At present the presumption is that California retailers will still be able to ask for customers’ ZIP codes in the case of cash purchases, since there will be no name to match with the ZIP data and then mine for an address or phone number. The ruling seems not to apply to purchases made with debit or gift cards.

The Supreme Court went further and declared that its ruling was retroactive, dating back to passage of stronger consumer-protection language in the bill in 1996. So retailers who have compiled customer databases in California for the last few years might be forced to decide: either strip out the names of credit-card shoppers that they may have acquired through ZIP code matching, or run the risk of penalties and civil lawsuits.
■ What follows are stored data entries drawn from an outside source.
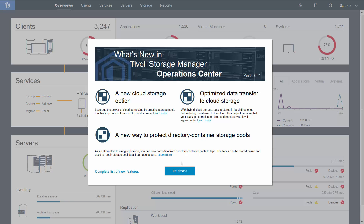Let's go ahead and show you how that's set up. I'll go through two methodologies: first, I'll show it set up for a new cloud container, and then I'll show how to add it to an existing cloud container.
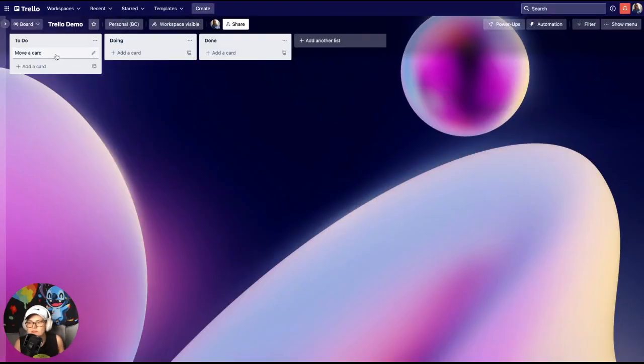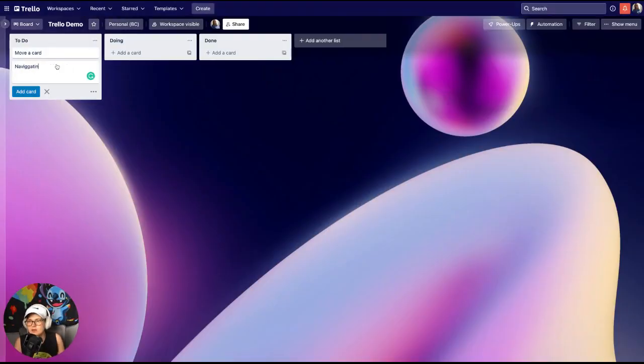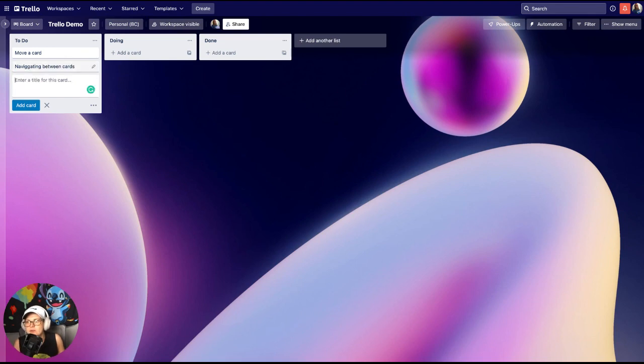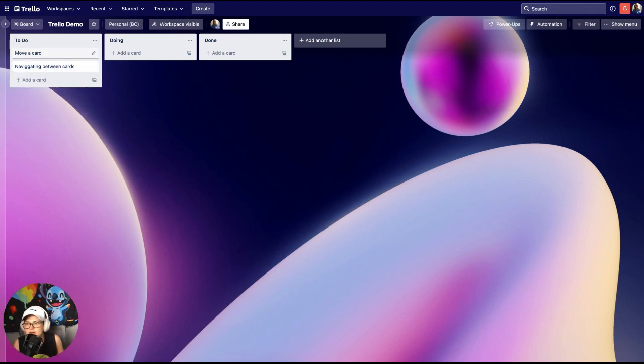So let's say I'm navigating between cards. Notice I'm just clicking my up and down arrows to move between cards, to hover over cards. Notice the color of it changes slightly.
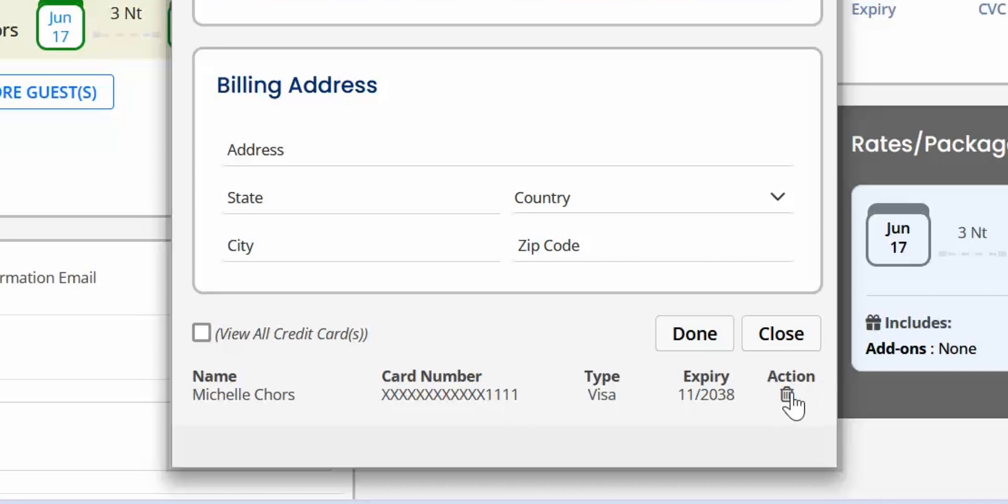If you wish to delete any credit card details, click the Delete icon in front of the credit card.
“What will happen is that 10% of the country—the portion living in California—will get thrown away, simply from marketers’ fear of being tagged for marketing [using wrongly-acquired data],” says Lee Kroll, president of Kroll Direct Marketing, a list broker and digital marketing services agency. “California residents will lose out for postal, email and mobile marketing, and as a result state tax revenues will be impacted.
“This has tremendous ramifications. Whoever envisioned something that’s been available for the last 40 years would be classified personally identifiable information?”

Retailers in California and elsewhere have long asked customers for their ZIP codes for a number of reasons, such as measuring the reach and effectiveness of their local media buys, or determining the optimum markets for new store construction.

“I cannot understand the thinking behind this decision,” says Geoff Batrouney, executive VP and chief operating officer at list management agency Estee Marketing Group [http://www.esteemarketing.com/]. “The ZIP code is very important to merchants and retailers, and not just for data mining. Merchants are paying very high inter-bank transfer fees, and they are able to get a discount from Visa, MasterCard and other issuing companies when they present the transaction with an accompanying proof of verification such as a ZIP code.”

Batrouney holds that without those discounts to retailers, California consumers may see higher prices than their counterparts in other states for the same goods. “It’s an anti-consumer ruling in both the short-term and the long-term,” he says. “If companies are able to use ZIP codes to refine their marketing message so that the household receives appropriate direct mail, then it’s not junk, and there’s less mail.

The Direct Marketing Association filed a friend of the court brief in the Pineda case. DMA senior vice president of government affairs Jerry Cerasale believes that the California decision to place ZIP codes off-limits for retailers will not be mirrored in other parts of the country—even though some 15 states have credit card laws that approximate some of the other protections in the Song-Beverly Act.

“Especially since [the ZIP code ban] is so far out of the mainstream and since two lower courts agreed with Williams-Sonoma and the DMA, we think that this situation will be limited to California,” Cerasale said. “Still, one eighth of the American population lives there. So this is not an insignificant decision.”